Penegasan ini mengharuskan kita untuk mengetahui cara bagaimana supaya Allah menolong kita supaya kita tidak bersahabat dengan hawa-nafsu. Maka hanya shalatlah yang menjadi jalan utama untuk mendapat pertolongan Allah, seperti tuntunan teks ayat di atas.

Terkait dengan puasa ramadlan, sebenarnya puasa tidak bisa dipisah dari shalat tarawih. Karena memang shalat merupakan penentu apakah ibadahnya mukmin dinilai baik atau tidak. Tak terkecuali ibadah puasa di bulan ramadlan. Artinya puasa dalam arti menahan makan-minum-senggama tidak berdiri sendiri.

Jika memohon pertolongan Allah media utamanya shalat, maka kita harus tidak mengentengkan pemahaman kita tentang shalat. Karena dari segi makna sisi dalam wujud shalat dikabarkan bahwa rukun shalat tidak sama dengan shalat, seperti ibarat isi botol isi botol.

Takutnya selama ini kita hanya melaksanakan rukun shalat berupa rukun qauli dan rukun fi’li. Sisi dalam dari shalat itu nanti terletak pada rukun qalbi.

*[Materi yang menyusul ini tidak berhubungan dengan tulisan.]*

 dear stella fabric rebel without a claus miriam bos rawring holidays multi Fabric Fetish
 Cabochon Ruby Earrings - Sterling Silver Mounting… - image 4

Sisi dalam dari shalat ini akan kita kupas dengan bab atau bagian tersendiri.

Jadi, sisi dalam puasa adalah tidak sekedar menahan makan, minum, dan birahi. Tetapi puasa sesungguhnya adalah kemampuan menahan diri dari berperilaku dengan sifat hawa-nafsu.

Dari segi pemahaman sisi dalam puasa ini, sesungguhnya shiyâm itu tidak hanya di bulan ramadlan. Karena menghindari hawa-nafsu dalam perilaku itu harusnya sepanjang tahun.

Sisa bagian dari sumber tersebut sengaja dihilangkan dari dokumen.